"We shall be more comfortable in Fulvius' house. He is a most honorable Roman who swears that he has quarreled with water. Day before yesterday he received a famous wine from Laurona. I smell its perfume even here."
"I have not a single obolus in my pouch."
The philosopher sniffed as if inhaling the vapor of the new wine, and made a gesture of disappointment. Then he looked at the Greek affectionately.
"You are worthy to hear me; poor, like myself, surrounded by these merchants who stock their vaults with silver! Since there is to be no wine for us, let us take a walk. That clears the brain. I will treat you as Aristotle treated his favorite pupils."
Strolling along the portico Euphobias began to relate what he knew of Sónnica's life.
She was believed to have been born in Cyprus, the isle beloved of mariners. On those shores where the poets made the triumphant beauty of Aphrodite spring from the foam, the women of the island run by night in search of mariners to offer themselves in memory of the goddess. Sónnica was the fruit of one such alligation with a rower. She vaguely recollected the early years of her childhood, running about the deck of a ship, springing from one bank of rowers to another, fed and scorned like the cats on shipboard, visiting many ports populated by people diverse in dress, customs, and language, but seeing it all from afar, and vaguely, like images in a dream, never setting foot on terra firma.
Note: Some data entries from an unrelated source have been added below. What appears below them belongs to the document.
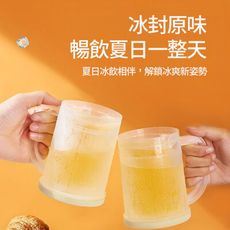 夏季雙層製冷冰鎮杯(3入/6入組)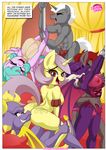  2015 anthro areola bbmbbf bdsm big_breasts bondage bound breast_grab breasts brown_eyes chain clothing comic crossover curtains cynder dialogue dragon english_text equestria_untamed equine eyes_closed female from_behind group group_sex horn looking_at_viewer looking_back male mammal my_little_pony nipples orgy palcomix partially_clothed pegasus pole pole_dance pole_dancer purple_scales rape_face rear_view scalie sex spread_wings spyro spyro_the_dragon text unicorn video_games wings 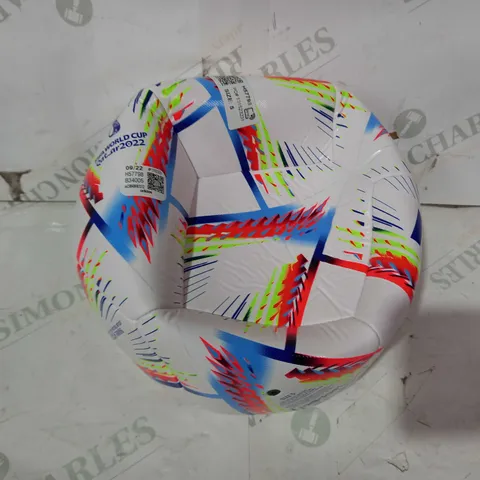 ADIDAS FIFA WORLD CUP 2022 AL RIHLA TRAINING BALL SIZE 5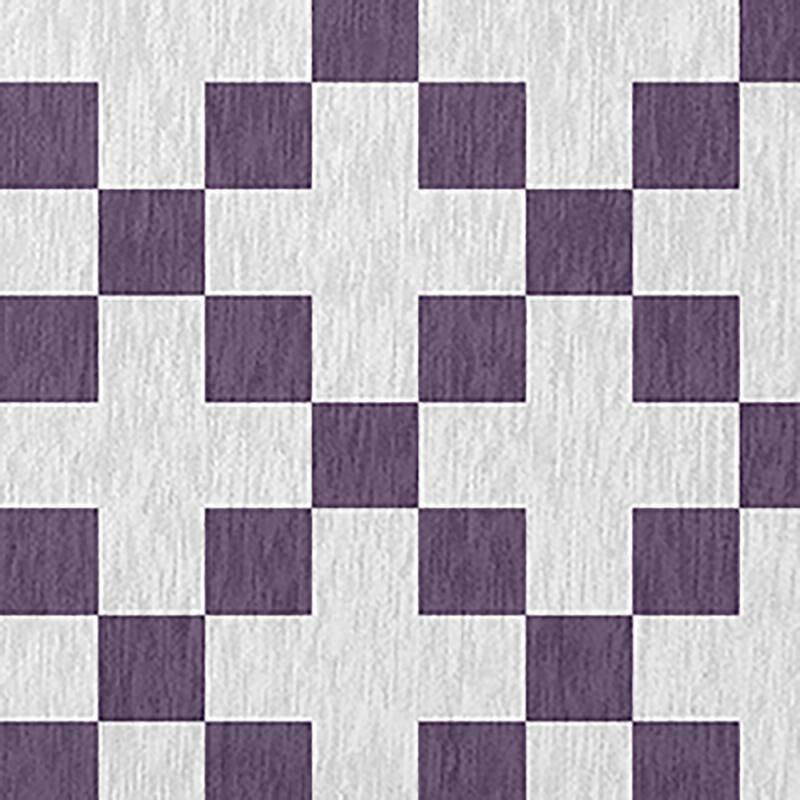 Cross and Squares Rug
Before she became a woman she was the mistress of the owner of the ship, a pilot from Samos, who, grown tired of her, or tempted by money, sold her one night to a Bœotian who maintained a dicterion in the Piræus. She was not yet twelve years of age, and little Sónnica attracted special attention among the dicteriadai who swarmed by night in the Piræus, the chief centre of Athenian prostitution.
The floating population of the city, composed of foreigners, gamblers, and young men thrown out of their homes by severe fathers, congregated in that suburb of Athens which surrounded the ports of the Piræus and Phalerum and formed the deme of Estiron. No sooner had night closed in than the whole noisy and corrupt world gathered in the great square in the Piræus, between the citadel and the port, and prostitutes began to circulate, who with the coming of the shadows, were privileged to leave the dicteria in which they had been confined. On the porticos around the square the gamblers shook dice, wandering philosophers argued, vagabonds slept, mariners told of their voyages, and through this confusion of diverse peoples passed the dicteriadai, with painted faces, almost nude, or wearing striped mantles of vivid colors which revealed an African or Asiatic origin. There the young daughter of Cyprus grew up and became acquainted with the world, seeking each night some wheat merchant from Bithynia, or some exporter of hides from Magna Graecia, rude and merry people, who, before returning to their native lands wished to spend some of their earnings on the courtesans of Athens. By day she was a prisoner in the dicterion, a house of sordid aspect, without other ornamentation on the façade than an enormous phallus which served the establishment as a sign, the door standing open at all hours without the chained dog customary at other dwellings, and displaying, immediately the heavy curtain was raised, an open courtyard, in which, near the entrance to the rooms, squatting or lying on the pavement, were all the wares of the house, women worn and consumed by the fires of concupiscence and girls barely arrived at puberty. All were nude, the dark and velvety skin of the Egyptians contrasting with the pale countenance of the Greeks and the white and silky flesh of the Asiatics.
Sónnica, who was at that time called Myrrhina, wearied of the life of the dicterion. All the women there were slaves whom the Bœotian beat when they allowed a customer to leave discontented. It disgusted her to take the two oboli stipulated by the laws of Solon from those calloused hands which wounded as they caressed, and she was nauseated by the dirty, brutal people from all the countries in the world who came in search of pleasure, and went away surfeited, being immediately replaced by another and another, like an incessant surging of desires excited by the solitude of the sea, repeating similar caprices and identical demands.
One night she visited for the last time the temple of Venus Pandemos raised by Solon in the great square of the Piræus, and deposited an obolus as her final offering before the statues of Venus and her companion Peitho, the two divinities of the courtesans, before whom she went many times with her lemans of the moment, before giving herself up to them on the seashore or near the long wall constructed by Themistocles to unite the port with Athens. Then she fled toward the city, eager for liberty and joy, wishing to become one of those Athenian hetæræ whose luxury and beauty she had admired from afar.